Review Roundup: Leif Ove Andsnes Performs with The New York Philharmonic at David Geffen Hall
On October 12 Leif Ove Andsnes performed Rachmaninoff's Piano Concerto No. 4, a lesser performed work of his compared to his Second and Third Piano Concertos. Andsnes's performance was his debut as an Artist-In-Residence at the New York Philharmonic.
The program also includes Esa-Pekka Salonen's Gambit, and Sibelius's Symphony No. 5. The program is conducted by Paavo Jarvi, and runs through October 17.
Let's see what the critics had to say!
Anthony Tommasini, The New York Times: The first movement starts with a rousing theme played in thick piano chords, backed by the bustling orchestra. Yet the phrases take unexpected turns and the rhythmic flow has intriguing hiccups. An elegiac second theme offers lyrical repose, though there's a subtext of unsettling harmonies... Mr. Andsnes's performance was so animated and effortless that the music sounded almost lucid. Mr. Jarvi matched his exuberance right through, drawing bright, crisp playing from the orchestra.
Jacob Slattery, Bach Track: Fortunately, Andsnes' dynamic style and technique conjure an energy that demands attention. Andsnes executed scale after perfectly delineated scale among impassioned songs-without-words, crafting a performance enjoyable for its virtuosity in spite of Rachmaninov's dog's breakfast. Järvi kept good balance of the orchestral accompaniment, which is more of an accomplishment than it seems given the robustness of Rachmaninov's orchestration... Järvi and the Philharmonic concluded the evening with Sibelius' Fifth Symphony, and it's evident that the New York Philharmonic horn section has never sounded better.

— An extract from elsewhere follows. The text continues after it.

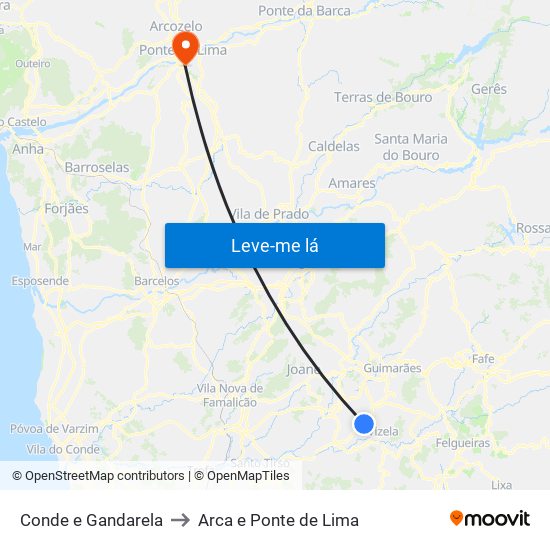 Conde e Gandarela to Arca e Ponte de Lima map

George Grella, New York Classical Review: Andsnes is not just a superb pianist, with one of the finest techniques one will witness, but one of the most interesting musicians on the classical scene. He plays with power, fire, and poetry, and also with a notably deep intelligence-his phrases have a granitic, finely edged logic, and he shines in music from the classical era.